I was always a voracious reader and I wrote my first novel because I had read too many bad ones. There was one specific one that was a best seller for which the very popular writer had just received a huge advance. It was truly awful, and I said to myself, “I can write something better than that!” So went to the library, researched how to do it, and set to work. After it was published, I found I greatly enjoyed the creative process and couldn’t see not writing. I simply enjoy the challenges and the process. You do not do it for the money or the fame!
Talk about the writing process. Did you have a writing routine? Did you do any research, and if so, what did that involve?
Very, very few writers make enough money to live off it. But a novel is like a marathon, not a sprint. You must have a writing routine;, and most of us have day jobs, kids, yard work, and other distractions that always seem to interfere with it. Over the years, I love to find out what process or system famous or successful writers use. How many hours a day? Paper, computer, or what? Outline? Character studies? And how do you do that awful first draft, and how do you re-write? You find that every writer does it differently. I work best in the evening, usually 3-4 hours a night, and 6-8 hours a day on the weekends when I am really humping.
What do you hope your readers come away with after reading your book?
I write ‘swimming pool’ or ‘beach’ books. I hope the reader has a lot of fun with it and gets so caught up in the pace and plot that they can’t put it down.
Where can we go to buy your book?
It is presently out on the Amazon Kindle site and should be on Sony, Barnes and Noble, and the rest by the end of February.
Any other links or info you’d like to share?
Excerpt from book:
Boston: where California meets Jersey…
I knew I was in trouble when Gino Parini shoved that .45 automatic in my face and made me read my own obituary. I’m not talking about something vague or California-cosmic, like the San Andreas Fault will turn Nevada into beachfront property, or those McDonald’s French fries will seal my arteries shut, or second-hand smoke will give me lung cancer. I’m talking about my own honest-to-God black-and-white obituary ripped from page thirty-two of that morning’s Columbus, Ohio newspaper:
TALBOTT, PETER EMERSON, age 33, of Columbus, died Sunday at Varner Clinic following a tragic automobile accident. President and founder of Center Financial Advisors of Columbus. Formerly of Los Angeles, a 1999 graduate of UCLA and a lieutenant, US Army Transportation Corps…
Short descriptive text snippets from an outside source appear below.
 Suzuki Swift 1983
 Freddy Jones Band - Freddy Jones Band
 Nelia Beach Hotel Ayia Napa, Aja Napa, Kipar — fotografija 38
That was me. I was Talbott, Peter Emerson, 33 years old, and formerly from Los Angeles. I had graduated from UCLA and I had been a lieutenant in the Army. Coincidence? I didn’t think so. There was only one of me and I didn’t die in the Varner Clinic or anywhere else last Sunday. I was an aeronautical software engineer and I had never been to Columbus or heard of Center Financial Advisors much less been its President. Still, when you’re looking into a set of hard, dark eyes and a .45 automatic, it’s hard to argue the fine points.